Calhoun: Wake-Up Call

Dick Wadhams's exit from Republican chair race to help Ted Harvey and party conservatives?

The Colorado Republican Party didn't just lose the governor's race in November -- it also lost over a hundred bonus members of the State Central Committee, which will vote for the new party chair next month.

Incumbent chair Dick Wadhams was going for that slot again -- until his Monday announcement that he'd decided against running.

Each county in Colorado starts with three delegates to the committee meeting -- the chair, vice-chair and secretary, who the counties are in the process of electing. But each county also gets two bonus members for every 10,000 votes it delivered for the Republican candidate for governor or president in the last election.

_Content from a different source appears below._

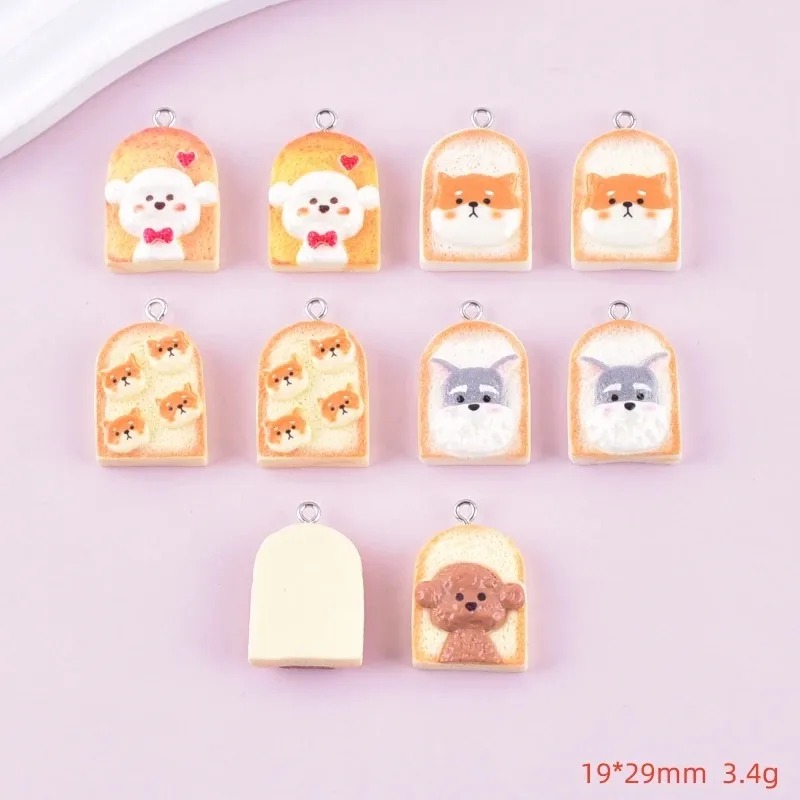 10 Pezzi Ciondoli in Resina a  - Resin Art Products recensione e prezzo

Given Dan Maes's sorry showing in the gubernatorial race in November, very few counties are getting bonus members this round; the metro counties are particularly hard-hit. And Ted Harvey, the conservative state senator who'd already said he was going for the party chair position when Wadhams was still in the race, sees that as a positive thing -- even though the party will have only a handful of the 128 bonus members who could have been voting at the committee meeting.

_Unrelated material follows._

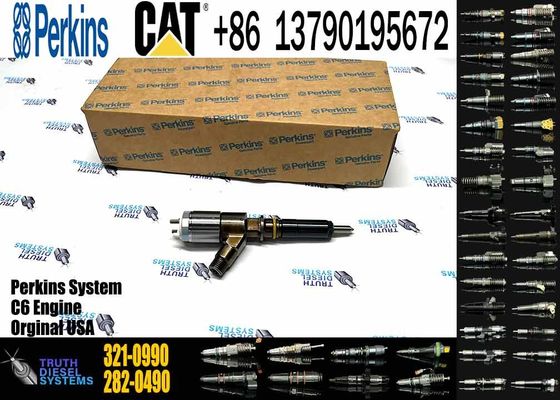 Excavator Parts C6.6 Fuel Injector For Caterpillar 320D Fuel Injector Nozzle 320-0690 320-0680 306-9380 321-3600 2645A74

"Dick has been involved in the party for a long time and has a lot of friendships and loyalties that are longstanding," Harvey says. "With him stepping aside, a lot of those folks are coming to support my efforts," as well as his decidedly more conservative positions -- which he thinks might appeal to some of the more far-flung counties.

"I think it's important for the party that we have the entire state having a say," he says. "It "levels the playing field... Hopefully, that will help the healing process."

But with new candidates, including party lawyer Ryan Call, already jumping into the party chair race, it looks like the Colorado Republican Party could sustain some more bruises before the healing begins.

More from our Calhoun: Wake-Up Call archive: "Dick Wadhams, not running to lead Republicans in CO, is tired of carping, conservative strategies."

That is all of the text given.